● **GIVEN ENTRIES**:

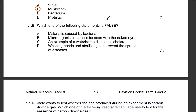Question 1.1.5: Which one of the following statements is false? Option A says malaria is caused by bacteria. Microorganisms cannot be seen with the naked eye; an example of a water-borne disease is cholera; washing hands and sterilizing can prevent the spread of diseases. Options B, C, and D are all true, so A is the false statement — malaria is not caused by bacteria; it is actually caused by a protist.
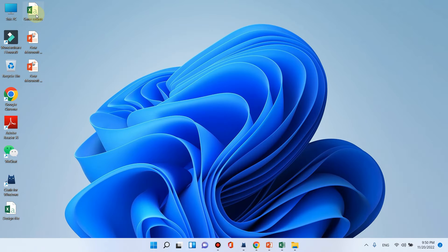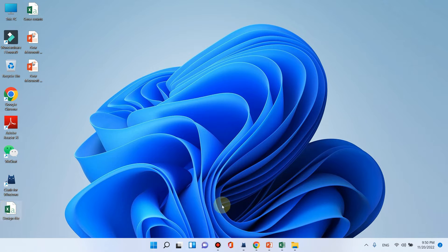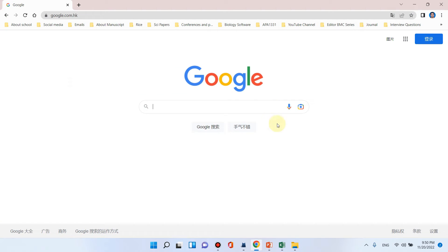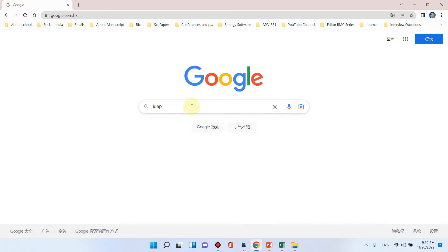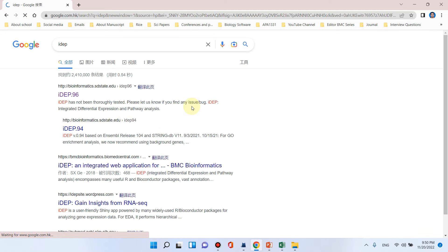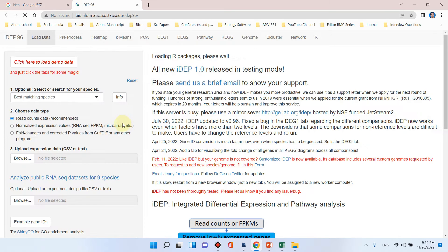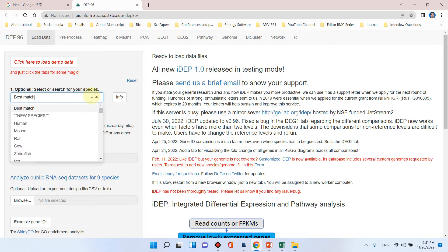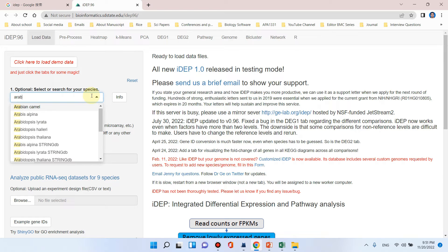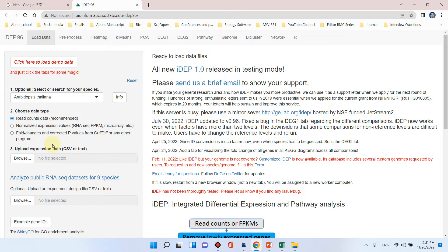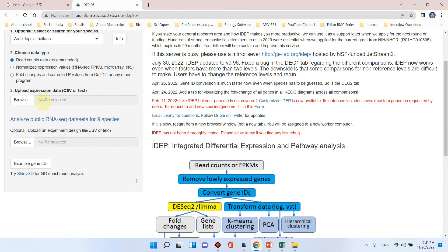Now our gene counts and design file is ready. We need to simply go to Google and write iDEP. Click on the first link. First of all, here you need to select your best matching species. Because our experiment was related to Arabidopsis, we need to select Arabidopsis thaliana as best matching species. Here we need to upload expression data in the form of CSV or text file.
==
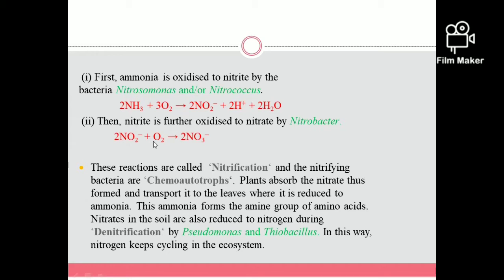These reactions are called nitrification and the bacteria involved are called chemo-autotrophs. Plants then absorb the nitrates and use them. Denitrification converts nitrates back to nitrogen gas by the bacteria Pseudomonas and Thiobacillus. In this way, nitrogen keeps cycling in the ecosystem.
* * *
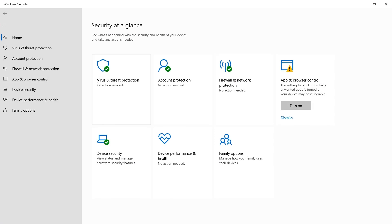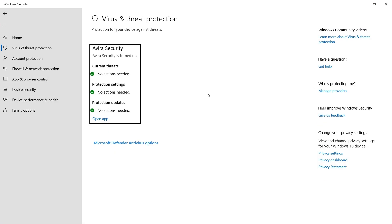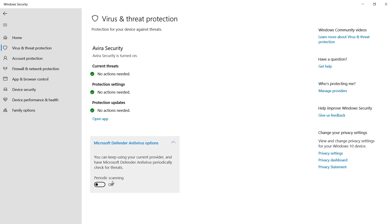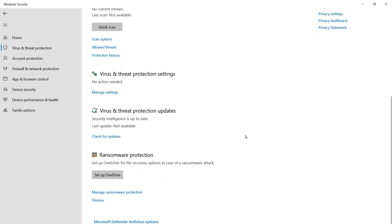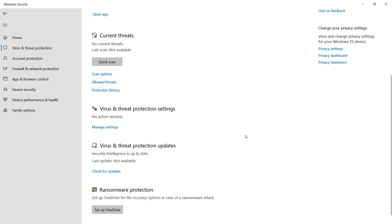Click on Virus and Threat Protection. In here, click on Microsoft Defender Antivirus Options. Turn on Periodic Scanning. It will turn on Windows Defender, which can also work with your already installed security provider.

● **EXERCISE AIM**: Look above for the line with "Question 1.1.5: Which" and the line with "Now our gene". Give again exactly those two lines and all lines between them, pictures excluded.

● **SOLUTION**:
Question 1.1.5: Which one of the following statements is false? Option A says malaria is caused by bacteria. Microorganisms cannot be seen with the naked eye; an example of a water-borne disease is cholera; washing hands and sterilizing can prevent the spread of diseases. Options B, C, and D are all true, so A is the false statement — malaria is not caused by bacteria; it is actually caused by a protist.
Now our gene counts and design file is ready. We need to simply go to Google and write iDEP. Click on the first link. First of all, here you need to select your best matching species. Because our experiment was related to Arabidopsis, we need to select Arabidopsis thaliana as best matching species. Here we need to upload expression data in the form of CSV or text file.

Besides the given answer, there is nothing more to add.